Tuntutan yang dinilai memberatkan sang Bharada E tersebut disambut dengan kontroversi dan perdebatan panas. Pasalnya, Richard mengantongi status pelaku saksi alias justice collaborator (JC).
Salah satu keberatan dilayangkan oleh keluarga Brigadir J yang menilai Richard tak layak mendapatkan hukuman seberat itu.
"Keluarga minta Bharada E diberikan keringanan hukuman," ujar pengacara pihak keluarga Yosua, Martin Lukas Simanjuntak ketika dikonfirmasi, Rabu (18/1/2023).
Baca Juga: Hakim Geram ke Jaksa Sidang Yosua: Saya Tak Pakai Siap, Kejaksaan Beda Sama Polisi!
Terkait dengan status JC yang diemban oleh Richard, terjadi perbedaan pendapat di antara Kejaksaan Agung (Kejagung) vs Lembaga Perlindungan Saksi Korban (LPSK).

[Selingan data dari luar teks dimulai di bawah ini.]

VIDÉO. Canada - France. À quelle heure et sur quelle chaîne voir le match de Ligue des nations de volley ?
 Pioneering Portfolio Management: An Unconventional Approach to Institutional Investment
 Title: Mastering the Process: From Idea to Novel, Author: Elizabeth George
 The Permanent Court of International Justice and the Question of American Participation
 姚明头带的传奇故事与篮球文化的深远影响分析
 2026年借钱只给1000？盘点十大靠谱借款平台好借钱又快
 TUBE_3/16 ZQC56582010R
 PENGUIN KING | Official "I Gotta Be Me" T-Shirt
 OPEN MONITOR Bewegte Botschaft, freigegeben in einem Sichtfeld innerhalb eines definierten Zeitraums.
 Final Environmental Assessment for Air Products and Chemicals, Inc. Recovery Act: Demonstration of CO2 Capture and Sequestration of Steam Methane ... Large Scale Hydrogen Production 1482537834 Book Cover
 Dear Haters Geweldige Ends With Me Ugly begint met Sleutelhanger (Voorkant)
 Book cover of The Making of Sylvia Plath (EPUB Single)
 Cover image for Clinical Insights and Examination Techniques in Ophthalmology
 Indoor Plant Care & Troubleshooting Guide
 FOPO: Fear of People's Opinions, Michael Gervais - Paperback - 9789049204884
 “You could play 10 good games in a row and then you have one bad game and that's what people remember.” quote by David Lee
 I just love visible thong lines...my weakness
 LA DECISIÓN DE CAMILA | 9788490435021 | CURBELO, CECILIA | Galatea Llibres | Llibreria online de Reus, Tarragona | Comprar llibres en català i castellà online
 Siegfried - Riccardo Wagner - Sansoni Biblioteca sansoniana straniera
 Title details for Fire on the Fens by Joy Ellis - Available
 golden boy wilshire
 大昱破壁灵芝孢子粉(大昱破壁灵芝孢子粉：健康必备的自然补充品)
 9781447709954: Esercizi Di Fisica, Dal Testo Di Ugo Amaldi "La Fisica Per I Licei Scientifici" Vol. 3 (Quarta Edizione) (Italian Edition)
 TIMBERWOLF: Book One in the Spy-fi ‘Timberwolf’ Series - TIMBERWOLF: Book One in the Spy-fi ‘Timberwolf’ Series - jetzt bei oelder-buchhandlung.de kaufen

Tuntutan 12 tahun di luar harapan
Pihak LPSK juga turut melayangkan keberatan layaknya keluarga mendiang Yosua. Wakil Ketua LPSK Susilaningtyas menyatakan pihaknya kecewa jaksa dinilai tak mempertimbangkan status JC Richard hingga memberikan tuntutan yang mencapai belasan tahun.
"Intinya kami menyesalkan, menyayangkan sekali tuntutan JPU terhadap Richard Eliezer 12 tahun. Itu di luar harapan kami," kata Susi ditemui wartawan usai sidang Richard.
Susi menilai bahwa tanpa keberanian Richard blak-blakan membeberkan kesaksiannya, 'borok' Ferdy Sambo tak akan dilihat oleh mata publik. Richard juga disebut menjadi sosok kunci yang membongkar skenario tipu daya Sambo.
"Kalau tidak ada keterangan Richard, pengakuan dari Richard, kasus ini tidak akan terbuka," lanjut Susi.
Susi juga kaget Richard yang berstatus JC dituntut lebih berat ketimbang terdakwa lainnya seperti Ricky Rizal dan Kuat Maruf.
Wakil Ketua LPSK Edwin Partogi dalam kesempatan terpisah menilai tuntutan yang dibebankan kepada Richard justru membuat orang enggan untuk berkolaborasi dengan penegak hukum sebagai JC.
"Sehingga kemudian orang akan berpikir dua kali sejauh mana menjadi JC berdampak pada (keringanan) pemidaannya," kata Edwin.
"Bagaimana rasa keadilan di masyarakat itu juga harus menjadi pertimbangan, bukan soal kewenangan atau penerapan pasal-pasal, tapi rasa keadilan masyarakat harus jadi pertimbangan," lanjutnya.
Kejagung semprot LPSK
Bak sebuah forum debat, Kejagung tegas meminta agar LPSK tak ikut campur dalam keputusan yang diambil oleh jaksa.
Jaksa Agung Muda Bidang Tindak Pidana Umum (Jampidum) Fadil Zumhana menyebut LPSK terlalu ikut campur. Bagi Fadil, pihaknya sudah tahu betul apa yang mereka lakukan.
"Saya garis bawahi LPSK tidak boleh intervensi atau mempengaruhi jaksa dalam melakukan penuntutan. Kami tahu apa yang harus kami lakukan, benar tau, benar. Karena pengalaman, pengetahuan dan ada aturan, tahu persis saya itu, Kajati tahu persis," tegas Fadil.